看守眼
看守眼 / 感想・レビュー
みも
際立つ斬新な着眼点…刑事職を望むも叶わず看守職で退官目前の男の執念「看守眼」フリーライターとして鬱屈の日々を送る男の自虐「自伝」心身症の夫と暮らす家裁家事調停委員の女の怨恨劇「口癖」ホームページを立ち上げた県警情報管理課の男の幸福の確認「午前五時の侵入者」卑屈な思いを抱える地方新聞社整理部の男の隠蔽工作「静かな家」県知事をオヤジと呼び采配を振るう知事公設秘書課の男の疑心暗鬼「秘書課の男」50頁程度の6篇。横山節が冴えわたる駄作なしの珠玉の作品集。嫉妬・復讐心・狡猾さや矜持…負の感情が渦巻く心理描写が秀逸。
2020/11/10
nakanaka
六篇から成る短編集。 留置係を長年勤めた退職間近な警察官、フリーライター、家事調停委員、情報管理課の警察官、新聞社社員、知事秘書課課長という特殊な業務に従事する人達の話。 特に印象に残ったのは、家事調停委員の主婦を描いた「口癖」。 どの家庭にも多かれ少なかれある様々な問題が話のテーマとなるだけに他人事ではなく考えさせられる。

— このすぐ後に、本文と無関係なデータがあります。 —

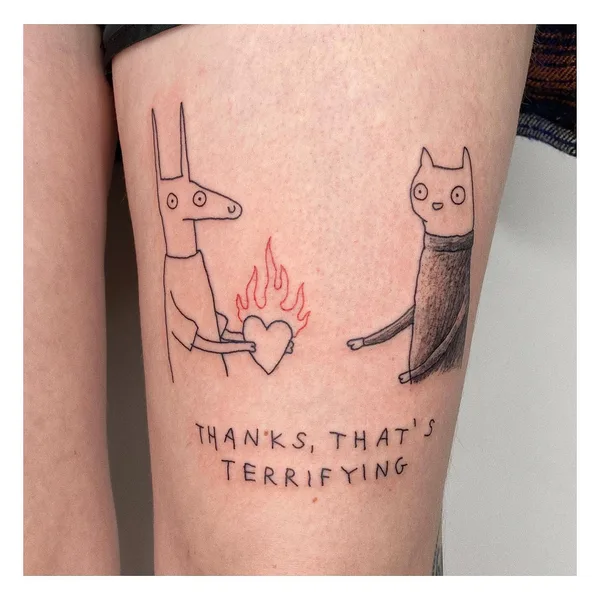 Author's Style tattoo by Bowser in Berlin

他人と比べて「ウチが勝った」という感情は抱きやすいものだが、そんなものは意味が無いのだという主人公の結論に妙に納得。人生思い通りにはいかないものだ。
2020/06/27
まるぷー
初読み作家さん。六つの短編。①「看守眼」刑事になれなかった定年間近の看守が殺人事件を追う②「自伝」売れないライターが大会社の会長の自伝を請け負う③「口癖」家裁調停委員が離婚調停の当事者に発した口癖から忌まわしい事実が甦る④「午前五時の侵入者」県警HPにクラッカーが入り管理者の奔走⑤「静かな家」県民新聞社の編集員のミスをアリバイに利用した殺人事件の真相⑥「秘書課の男」有能な県知事秘書がある日知事の信頼を逸した理由とは?。様々な職業の主人公の信念や自虐や苦悩が読み取れその結末に納得した。
2022/07/19
もぺっと
留置場の看守、家裁の調停委員、新聞社の整理部員、県庁の秘書課長などいろいろな職種の人物が主人公の短編集。大小様々な事件や問題が起こり、意外な真実が判明する。中身の濃い人間ドラマを見せてもらった。いつもながら安定感のある、横山さんの本。
2016/07/25
さよちゃん
読み応えのある短編集です。どの話も、このネタで1冊書けるんじゃ?と思ってしまいました。看守や、警察署の事務員や、裁判所の調停員、県知事の秘書、というちょっと珍しい職業の人が主役で、面白かったです。つまらないことですが、警察署で勤務している人って、全員「警察官」ではないんですね。事務の人は、地方公務員なんだと、はじめて認識しました。読んでよかったです。